• [WHAT THIS TASK INVOLVES]
Your copy starts at the line containing "B&C #E150 V" and ends at the last line below. Copy exactly, without pictures.

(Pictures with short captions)
=== Section Start ===

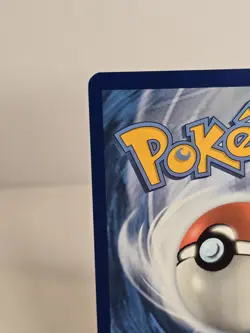 Snorlax TG10/TG30 Holo Lost Origin Trainer Gallery Pokemon NM - Image 5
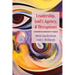Leadership, God's Agency, and Disruptions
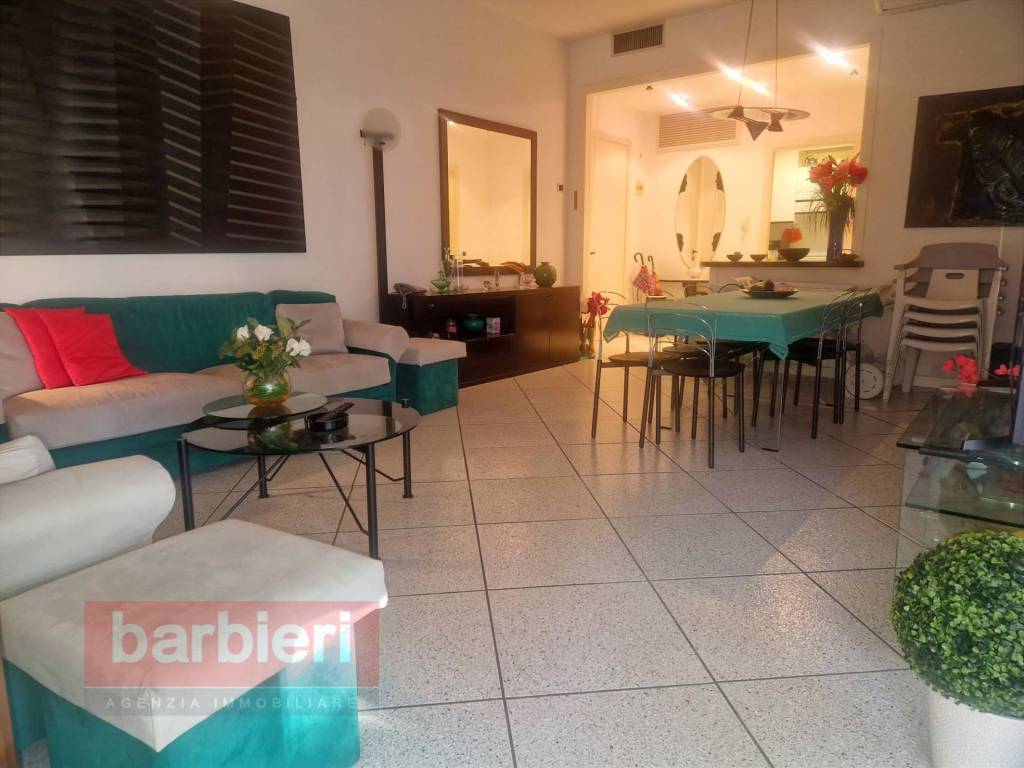 Appartamento a Cervia in viale luigi cadorna, 12 - Foto 5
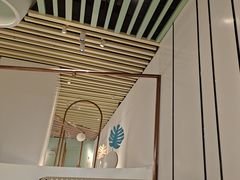 -四季缤纷椰子鸡(雨花亭凯德广场店)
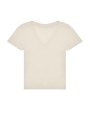 B&C #E150 V T-Shirt /women T-Shirt personalisierbar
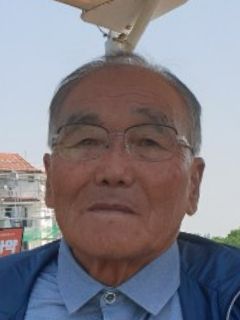 김종수님 실종 당시 공개 사진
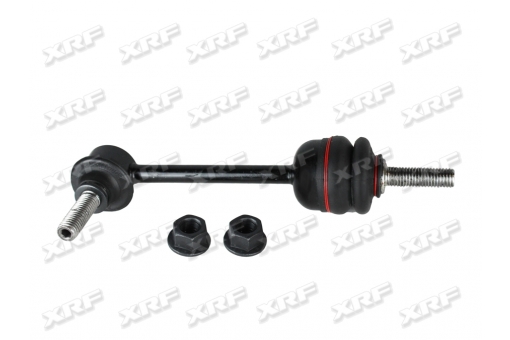 XRF Stabilizer Bar Link K750996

=== Section End ===

• [EXERCISE ANSWER]
 B&C #E150 V T-Shirt /women T-Shirt personalisierbar
 김종수님 실종 당시 공개 사진
 XRF Stabilizer Bar Link K750996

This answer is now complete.